Sicher, auch dieses Modell erlaubt gelungene, erfolgreiche Existenzen, bei denen alles genauso verläuft, wie sie es sich ausgemalt haben. Aber dieses Modell stellt keine gelungenen Bindungen her, weder zwischen Eheleuten, noch zwischen Eltern und Kindern, noch zwischen Lehrern und Schülern, noch zwischen Chefs und Malochern, noch zwischen Priestern und Gläubigen. Wer es gewohnt ist, bei jedem Anzeichen von Schwierigkeiten eher gegen das Prinzip vorzugehen als in sich selbst zu schauen und nachzuforschen, ob sich wegen eines größeren Zieles das Tragen des Kreuzes nicht vielleicht rentiert, wird sich zwangsläufig schon dann im Recht fühlen, wenn die Frage nach dem Recht noch nicht einmal gestellt ist und die ganze Debatte noch auf dem Level des Nutzens geführt wird.

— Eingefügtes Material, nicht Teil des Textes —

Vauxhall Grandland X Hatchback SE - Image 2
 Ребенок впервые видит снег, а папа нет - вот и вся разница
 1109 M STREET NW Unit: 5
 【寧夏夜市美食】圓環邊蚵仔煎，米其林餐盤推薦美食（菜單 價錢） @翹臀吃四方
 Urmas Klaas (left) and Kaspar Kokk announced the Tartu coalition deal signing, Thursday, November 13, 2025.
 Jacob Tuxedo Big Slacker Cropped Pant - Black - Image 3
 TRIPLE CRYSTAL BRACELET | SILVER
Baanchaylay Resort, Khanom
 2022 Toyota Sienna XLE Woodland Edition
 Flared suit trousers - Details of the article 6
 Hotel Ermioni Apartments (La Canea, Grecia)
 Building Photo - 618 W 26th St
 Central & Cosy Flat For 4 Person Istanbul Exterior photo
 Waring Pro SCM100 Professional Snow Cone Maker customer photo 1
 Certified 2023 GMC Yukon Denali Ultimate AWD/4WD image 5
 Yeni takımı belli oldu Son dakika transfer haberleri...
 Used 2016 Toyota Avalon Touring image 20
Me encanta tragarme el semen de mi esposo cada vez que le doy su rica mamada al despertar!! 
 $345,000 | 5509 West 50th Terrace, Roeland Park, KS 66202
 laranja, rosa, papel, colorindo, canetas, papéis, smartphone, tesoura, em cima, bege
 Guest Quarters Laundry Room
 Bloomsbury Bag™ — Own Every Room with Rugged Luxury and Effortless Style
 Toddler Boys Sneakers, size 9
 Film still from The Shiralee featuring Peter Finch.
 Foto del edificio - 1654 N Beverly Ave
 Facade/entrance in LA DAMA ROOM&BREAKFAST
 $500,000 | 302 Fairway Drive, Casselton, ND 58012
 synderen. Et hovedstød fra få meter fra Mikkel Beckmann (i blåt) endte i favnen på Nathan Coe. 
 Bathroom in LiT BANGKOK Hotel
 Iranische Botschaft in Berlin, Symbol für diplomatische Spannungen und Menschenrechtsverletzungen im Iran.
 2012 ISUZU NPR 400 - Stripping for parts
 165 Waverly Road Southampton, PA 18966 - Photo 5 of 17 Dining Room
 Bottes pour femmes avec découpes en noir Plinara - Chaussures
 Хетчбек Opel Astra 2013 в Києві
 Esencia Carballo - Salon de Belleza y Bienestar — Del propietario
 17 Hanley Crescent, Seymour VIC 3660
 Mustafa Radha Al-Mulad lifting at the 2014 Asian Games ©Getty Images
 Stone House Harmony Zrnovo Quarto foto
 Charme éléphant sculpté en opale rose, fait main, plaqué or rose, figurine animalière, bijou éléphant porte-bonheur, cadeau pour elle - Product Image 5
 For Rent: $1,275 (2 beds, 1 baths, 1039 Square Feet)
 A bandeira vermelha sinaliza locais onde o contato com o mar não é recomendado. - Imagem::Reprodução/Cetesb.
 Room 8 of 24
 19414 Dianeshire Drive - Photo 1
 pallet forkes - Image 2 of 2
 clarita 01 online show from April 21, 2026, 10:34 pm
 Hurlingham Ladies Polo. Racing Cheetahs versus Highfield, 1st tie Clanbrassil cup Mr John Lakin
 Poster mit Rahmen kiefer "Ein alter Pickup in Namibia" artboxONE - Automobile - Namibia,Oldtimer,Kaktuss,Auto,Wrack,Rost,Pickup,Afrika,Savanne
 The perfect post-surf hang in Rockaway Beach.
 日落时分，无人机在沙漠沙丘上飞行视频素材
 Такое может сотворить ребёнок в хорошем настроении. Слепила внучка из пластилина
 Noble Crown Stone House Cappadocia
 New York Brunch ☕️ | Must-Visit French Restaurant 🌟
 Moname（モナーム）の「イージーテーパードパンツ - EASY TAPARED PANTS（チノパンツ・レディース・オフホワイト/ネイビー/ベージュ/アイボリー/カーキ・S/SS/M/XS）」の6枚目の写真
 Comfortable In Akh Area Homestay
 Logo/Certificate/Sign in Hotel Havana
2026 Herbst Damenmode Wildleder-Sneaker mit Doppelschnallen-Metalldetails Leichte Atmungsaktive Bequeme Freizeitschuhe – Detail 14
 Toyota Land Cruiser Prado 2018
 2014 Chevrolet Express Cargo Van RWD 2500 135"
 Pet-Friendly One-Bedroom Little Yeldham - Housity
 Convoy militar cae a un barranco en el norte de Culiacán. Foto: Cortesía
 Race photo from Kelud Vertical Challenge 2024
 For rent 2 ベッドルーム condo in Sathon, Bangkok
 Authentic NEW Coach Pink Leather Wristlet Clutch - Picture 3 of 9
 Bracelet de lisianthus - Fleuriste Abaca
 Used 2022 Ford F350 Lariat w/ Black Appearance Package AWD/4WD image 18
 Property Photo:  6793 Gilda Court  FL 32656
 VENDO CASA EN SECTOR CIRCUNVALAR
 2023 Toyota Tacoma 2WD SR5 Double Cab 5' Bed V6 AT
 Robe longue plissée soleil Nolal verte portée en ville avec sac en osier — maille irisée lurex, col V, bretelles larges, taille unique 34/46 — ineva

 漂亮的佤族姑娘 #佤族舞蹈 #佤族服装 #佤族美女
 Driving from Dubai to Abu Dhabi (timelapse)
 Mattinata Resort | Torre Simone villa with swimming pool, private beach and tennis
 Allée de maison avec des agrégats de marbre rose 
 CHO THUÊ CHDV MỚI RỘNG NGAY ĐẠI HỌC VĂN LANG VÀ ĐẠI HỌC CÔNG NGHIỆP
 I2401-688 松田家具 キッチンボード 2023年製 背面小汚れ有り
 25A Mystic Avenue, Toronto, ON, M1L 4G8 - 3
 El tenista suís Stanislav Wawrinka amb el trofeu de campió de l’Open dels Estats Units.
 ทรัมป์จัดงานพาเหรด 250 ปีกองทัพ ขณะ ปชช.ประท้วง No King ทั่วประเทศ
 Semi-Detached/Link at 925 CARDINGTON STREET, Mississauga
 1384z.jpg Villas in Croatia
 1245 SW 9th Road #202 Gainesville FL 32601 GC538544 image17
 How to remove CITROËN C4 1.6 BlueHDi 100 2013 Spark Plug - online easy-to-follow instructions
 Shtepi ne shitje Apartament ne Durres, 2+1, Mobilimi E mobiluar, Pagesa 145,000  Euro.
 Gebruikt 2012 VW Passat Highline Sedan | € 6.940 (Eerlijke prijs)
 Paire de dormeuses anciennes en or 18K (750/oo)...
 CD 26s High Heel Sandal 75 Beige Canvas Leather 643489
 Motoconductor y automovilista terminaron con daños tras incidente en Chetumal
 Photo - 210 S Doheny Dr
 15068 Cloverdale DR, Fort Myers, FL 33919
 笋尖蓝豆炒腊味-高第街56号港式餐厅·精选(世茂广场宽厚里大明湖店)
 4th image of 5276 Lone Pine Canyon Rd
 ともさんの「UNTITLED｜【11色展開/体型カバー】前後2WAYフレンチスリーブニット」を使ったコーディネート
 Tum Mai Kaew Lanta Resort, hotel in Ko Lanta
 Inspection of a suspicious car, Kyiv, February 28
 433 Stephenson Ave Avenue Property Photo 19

Und das führt uns dann eben zur Entchristianisierung Europas. Wer angesichts von der Katholischen Kirche geäußerter unangenehmer Sätze lieber so tut, als existiere Gott nicht oder als habe seine Existentz keine wirkliche Bedeutung (Die "Dann tret ich eben aus und meditiere im Wald"-Bande), wer darüberhinaus den Ball sofort zurückwirft und - anstatt über die ausgesprochenen Sätze nachzudenken - der Kirche hysterisch-groteske bis übertrieben-närrische Anschuldigungen entgegenschleudert, der offenbart viel zu viel Ungelassenheit, als daß ich dies nicht seinem ins Mark getroffenen Gewissen zuschreiben könnte. Aber: Die Lösung ist ja eben nicht der reinigende Blick nach Innen, sondern die Mobilmachung gegen das Prinzip.

Ein Teufelskreis - im wahrsten Sinne des Wortes - an dessen Ausweitung wir munter weiter arbeiten. Oder, in diesem Fall: ... an dessen Ausweitung sie munter weiter arbeiten. Denn ich habe daran keinen Anteil und werde daran keinen Anteil haben, auch wenn es mich vielleicht irgendwann einmal viel kosten wird.